#### Available data

⁂

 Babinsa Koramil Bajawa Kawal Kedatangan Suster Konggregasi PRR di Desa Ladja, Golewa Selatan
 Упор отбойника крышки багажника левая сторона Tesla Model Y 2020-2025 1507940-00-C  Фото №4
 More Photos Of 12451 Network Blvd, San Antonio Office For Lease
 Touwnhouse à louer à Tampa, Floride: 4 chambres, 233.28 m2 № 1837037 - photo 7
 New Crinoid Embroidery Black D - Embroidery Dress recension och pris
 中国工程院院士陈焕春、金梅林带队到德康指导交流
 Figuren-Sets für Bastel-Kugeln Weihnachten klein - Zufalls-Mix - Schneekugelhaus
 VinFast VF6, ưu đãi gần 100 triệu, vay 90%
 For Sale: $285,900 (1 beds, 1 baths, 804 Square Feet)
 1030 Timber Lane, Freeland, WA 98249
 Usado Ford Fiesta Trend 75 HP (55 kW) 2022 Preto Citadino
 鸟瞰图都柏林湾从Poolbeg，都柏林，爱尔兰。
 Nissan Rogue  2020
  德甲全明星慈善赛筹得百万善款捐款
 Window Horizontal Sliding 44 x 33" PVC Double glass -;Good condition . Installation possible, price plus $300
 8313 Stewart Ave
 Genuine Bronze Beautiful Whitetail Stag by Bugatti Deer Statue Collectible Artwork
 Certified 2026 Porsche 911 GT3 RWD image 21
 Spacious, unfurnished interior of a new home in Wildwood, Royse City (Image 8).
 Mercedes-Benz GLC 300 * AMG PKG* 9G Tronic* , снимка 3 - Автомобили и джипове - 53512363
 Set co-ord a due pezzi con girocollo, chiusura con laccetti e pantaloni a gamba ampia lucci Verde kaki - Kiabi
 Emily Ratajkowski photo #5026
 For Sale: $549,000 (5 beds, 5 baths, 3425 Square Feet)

⁂

Your answer should consist of the lines from the material that contain "Feet".

 For Sale: $285,900 (1 beds, 1 baths, 804 Square Feet)
 For Sale: $549,000 (5 beds, 5 baths, 3425 Square Feet)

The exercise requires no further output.